Retype word for word the stretch of entries below from the line that has "Hi, I'm Julianne" through the line that has "You can also", and omit the pictures.

**Extracted entries:**
^^^^^^^^

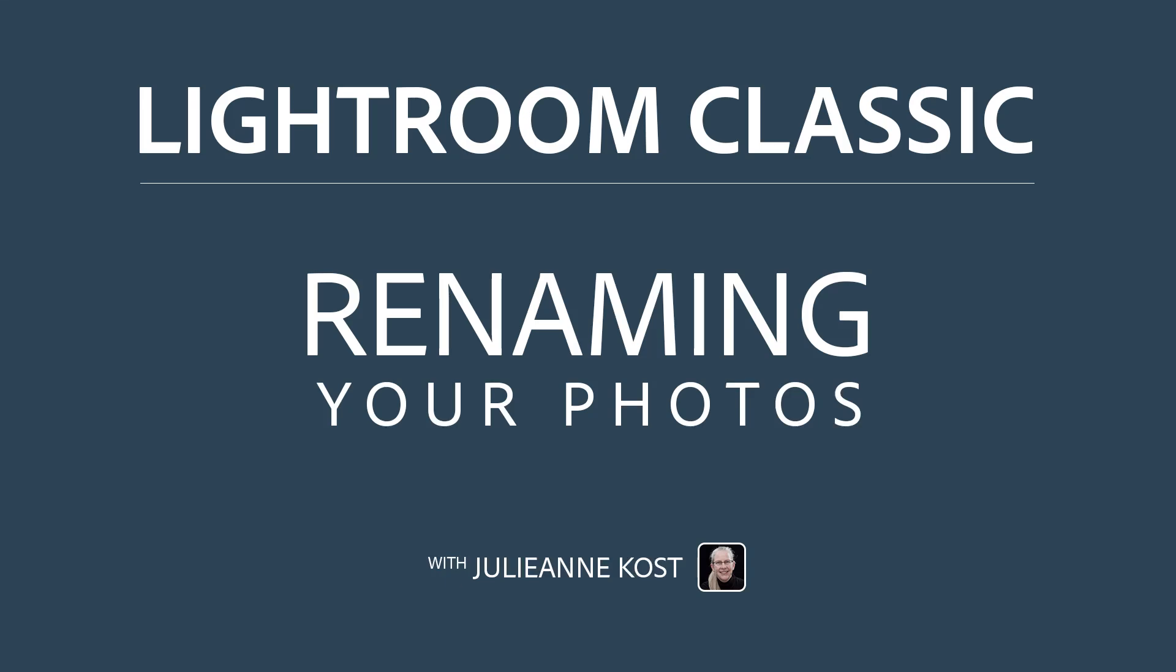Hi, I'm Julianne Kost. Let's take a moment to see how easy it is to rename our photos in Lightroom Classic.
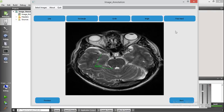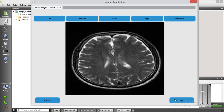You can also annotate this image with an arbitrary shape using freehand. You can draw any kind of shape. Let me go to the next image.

^^^^^^^^

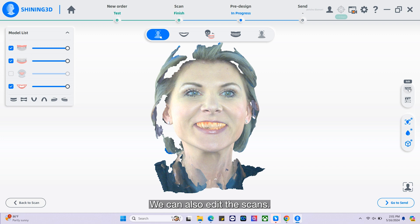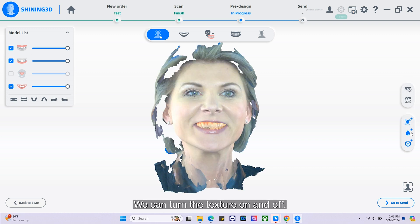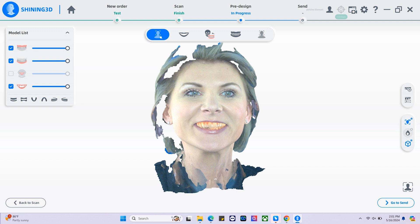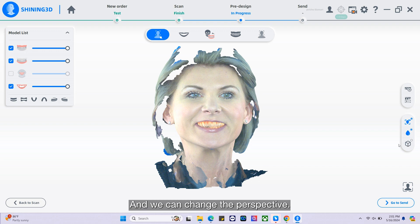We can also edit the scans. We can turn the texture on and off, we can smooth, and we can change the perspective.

^^^^^^^^

**Written response:**
Hi, I'm Julianne Kost. Let's take a moment to see how easy it is to rename our photos in Lightroom Classic.
You can also annotate this image with an arbitrary shape using freehand. You can draw any kind of shape. Let me go to the next image.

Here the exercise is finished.